__BRIEF__
Every entry that follows should be output exactly, and every image in it left out.

Dataset items:
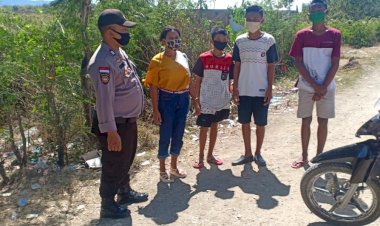 Sentuh-Warga-Saat-Patroli,-Anggota-Polsek-Tasifeto-Barat-Sebut-Covid-akan-Jauh-Kalau-KIta-Patuhi-Protokol-Kesehatan
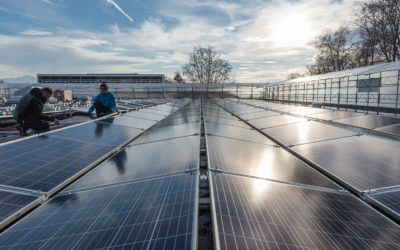 114’000 KWH/AN PRODUITS PAR LES PANNEAUX SOLAIRES POUR ALIMENTER LE BÂTIMENT ET SES ENVIRONS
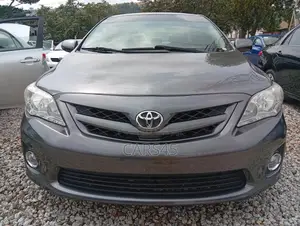 Toyota Corolla 2011 Gray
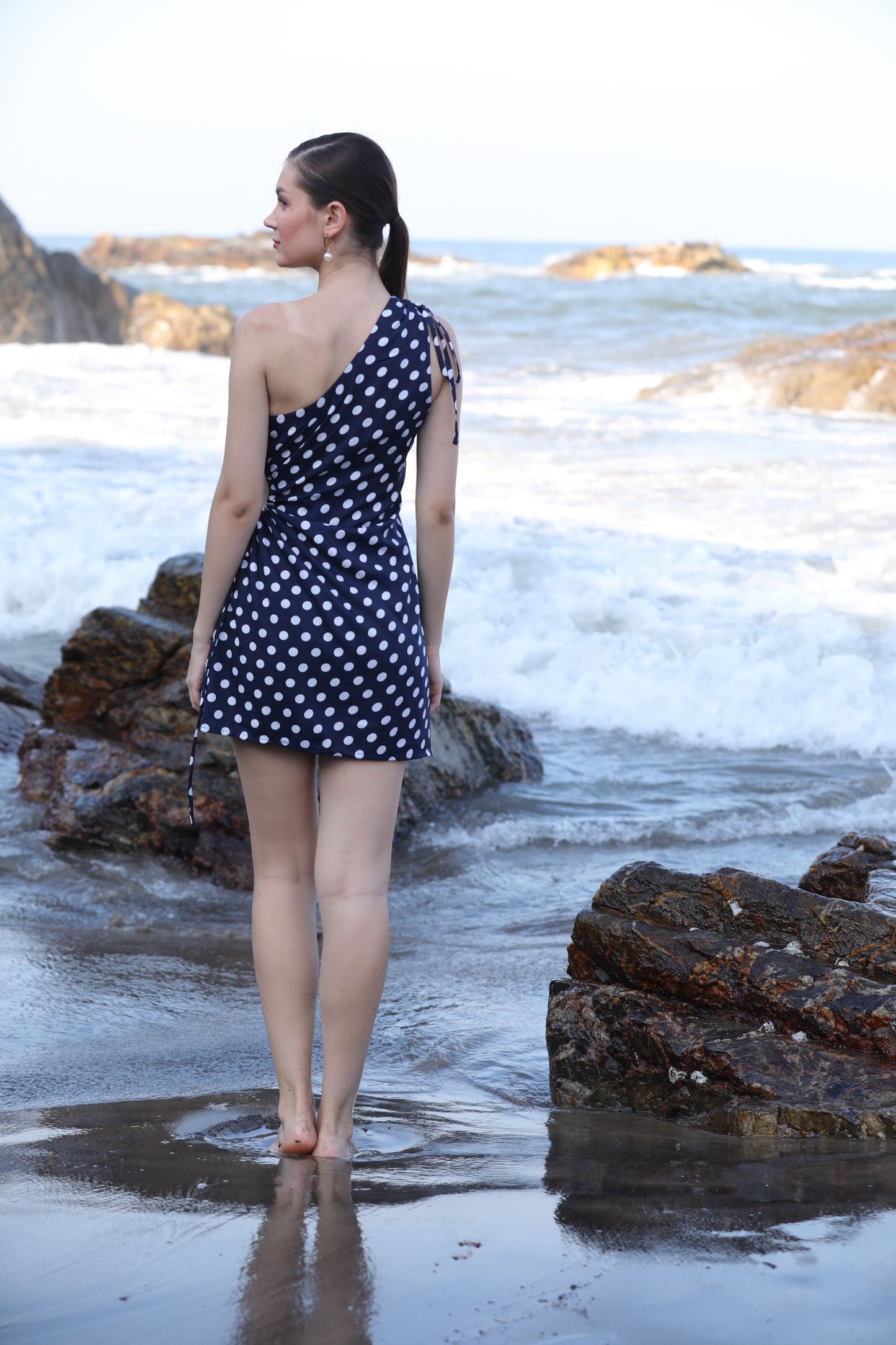 ONE SHOULDER POLKA DOT DRESS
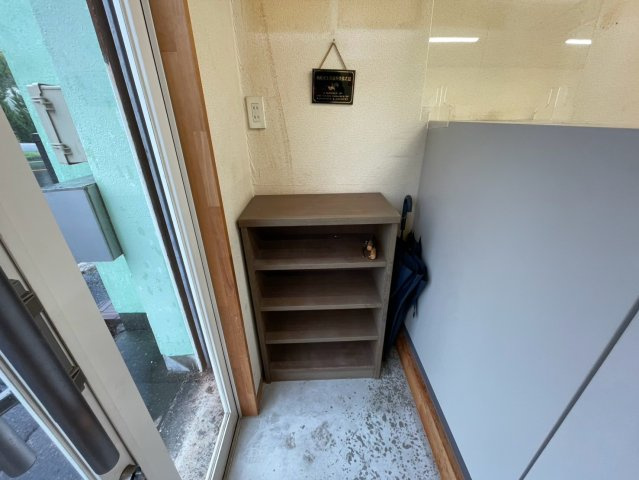 西尾市伊藤町貸店舗の玄関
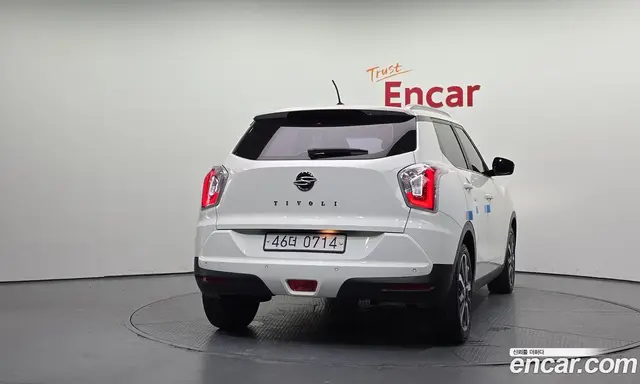 SsangYong TIBOLI 2015 1.6 автомат (гидро), миниатюра 4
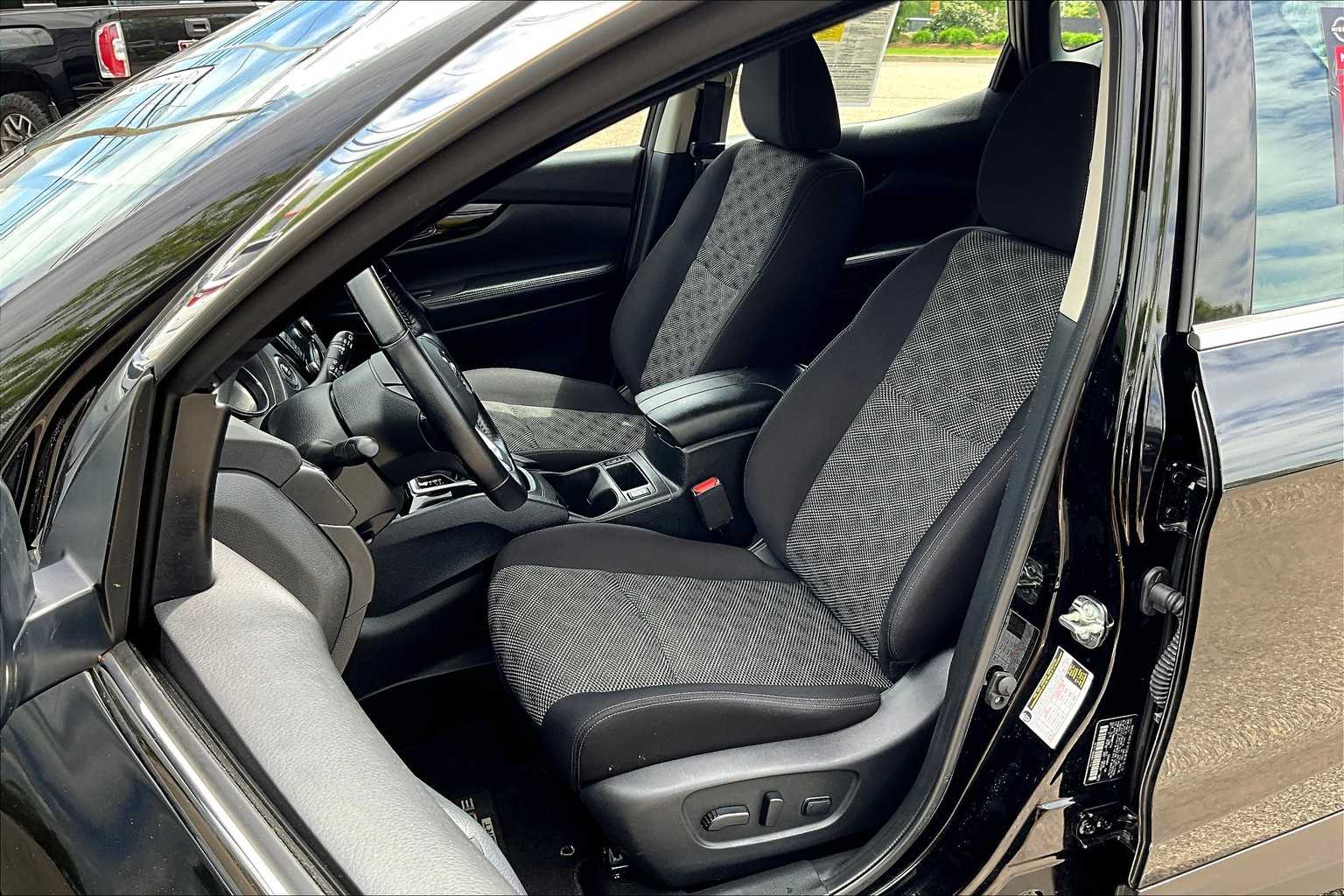 2021 Nissan Rogue Sport SV - Photo 10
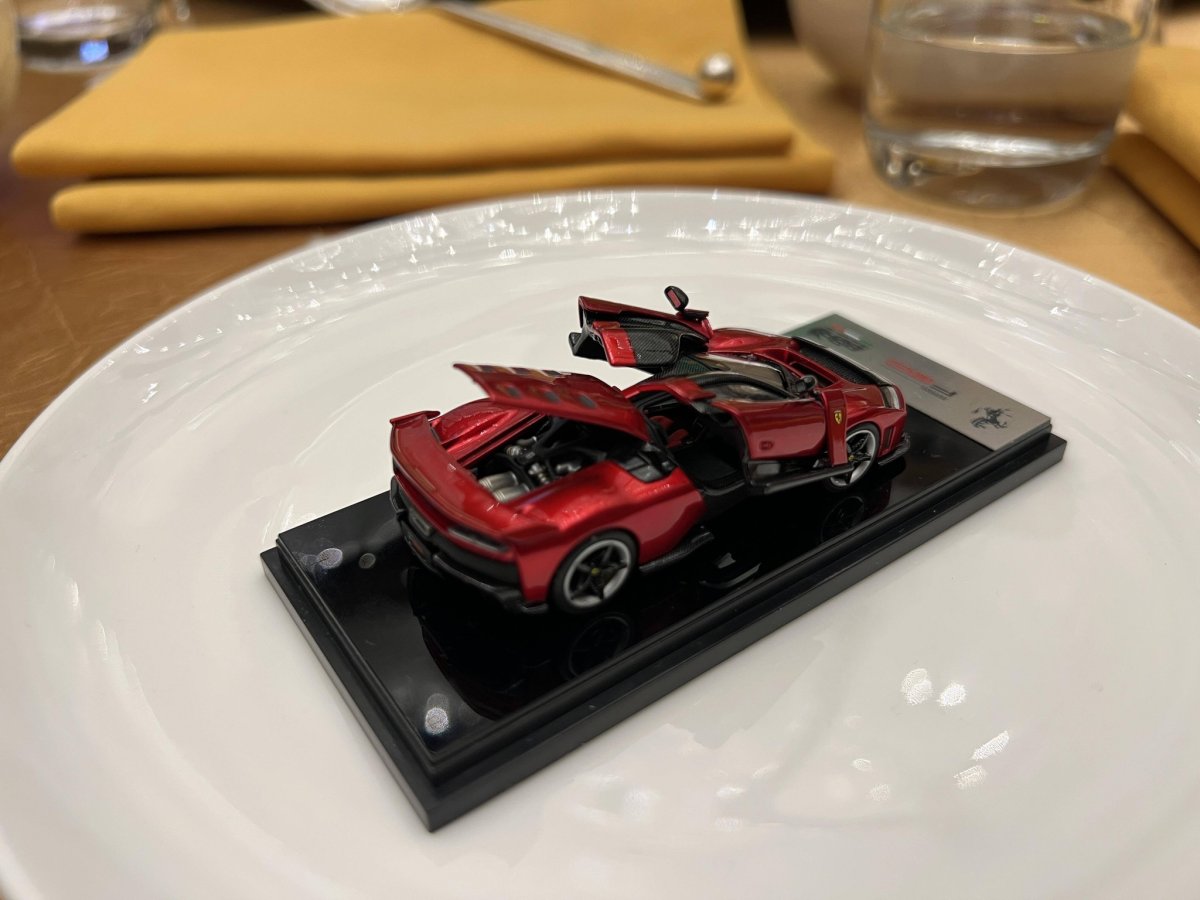 2026 Ferrari F80 Red: Image 2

__EXERCISE ANSWER__
 Sentuh-Warga-Saat-Patroli,-Anggota-Polsek-Tasifeto-Barat-Sebut-Covid-akan-Jauh-Kalau-KIta-Patuhi-Protokol-Kesehatan
 114’000 KWH/AN PRODUITS PAR LES PANNEAUX SOLAIRES POUR ALIMENTER LE BÂTIMENT ET SES ENVIRONS
 Toyota Corolla 2011 Gray
 ONE SHOULDER POLKA DOT DRESS
 西尾市伊藤町貸店舗の玄関
 SsangYong TIBOLI 2015 1.6 автомат (гидро), миниатюра 4
 2021 Nissan Rogue Sport SV - Photo 10
 2026 Ferrari F80 Red: Image 2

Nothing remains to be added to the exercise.